→ TO DO:
Every line that contains the word "sale" should be copied from the records below.
***
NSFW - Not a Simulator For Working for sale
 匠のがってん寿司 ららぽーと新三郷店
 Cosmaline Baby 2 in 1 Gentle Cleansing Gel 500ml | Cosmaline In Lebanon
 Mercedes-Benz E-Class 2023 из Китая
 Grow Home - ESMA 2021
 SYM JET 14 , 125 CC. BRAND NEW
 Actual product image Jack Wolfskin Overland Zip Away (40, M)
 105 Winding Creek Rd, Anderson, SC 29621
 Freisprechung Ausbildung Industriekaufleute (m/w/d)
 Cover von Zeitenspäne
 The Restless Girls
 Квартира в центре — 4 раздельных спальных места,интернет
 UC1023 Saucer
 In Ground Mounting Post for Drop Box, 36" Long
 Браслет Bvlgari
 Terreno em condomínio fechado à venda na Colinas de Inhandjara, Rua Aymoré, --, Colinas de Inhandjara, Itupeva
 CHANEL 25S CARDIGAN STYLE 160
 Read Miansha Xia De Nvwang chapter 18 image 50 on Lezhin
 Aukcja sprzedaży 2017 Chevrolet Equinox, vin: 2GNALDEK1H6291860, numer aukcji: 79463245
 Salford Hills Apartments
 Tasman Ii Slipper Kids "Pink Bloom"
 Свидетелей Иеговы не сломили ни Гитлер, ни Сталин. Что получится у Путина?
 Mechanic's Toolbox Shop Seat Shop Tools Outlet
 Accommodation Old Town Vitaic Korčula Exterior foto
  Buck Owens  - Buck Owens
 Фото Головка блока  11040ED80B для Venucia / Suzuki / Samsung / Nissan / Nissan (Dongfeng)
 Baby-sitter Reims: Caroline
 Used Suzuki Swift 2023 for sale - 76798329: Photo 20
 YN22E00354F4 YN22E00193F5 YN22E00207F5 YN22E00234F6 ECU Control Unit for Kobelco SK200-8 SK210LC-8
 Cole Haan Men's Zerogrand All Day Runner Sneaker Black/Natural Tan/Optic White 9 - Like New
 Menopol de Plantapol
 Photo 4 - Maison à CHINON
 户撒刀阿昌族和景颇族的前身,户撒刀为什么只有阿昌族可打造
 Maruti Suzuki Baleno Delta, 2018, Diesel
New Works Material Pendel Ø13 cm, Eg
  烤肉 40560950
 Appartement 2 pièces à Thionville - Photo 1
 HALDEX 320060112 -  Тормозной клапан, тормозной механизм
***
→ RESULT OF THIS TASK:
NSFW - Not a Simulator For Working for sale
 Used Suzuki Swift 2023 for sale - 76798329: Photo 20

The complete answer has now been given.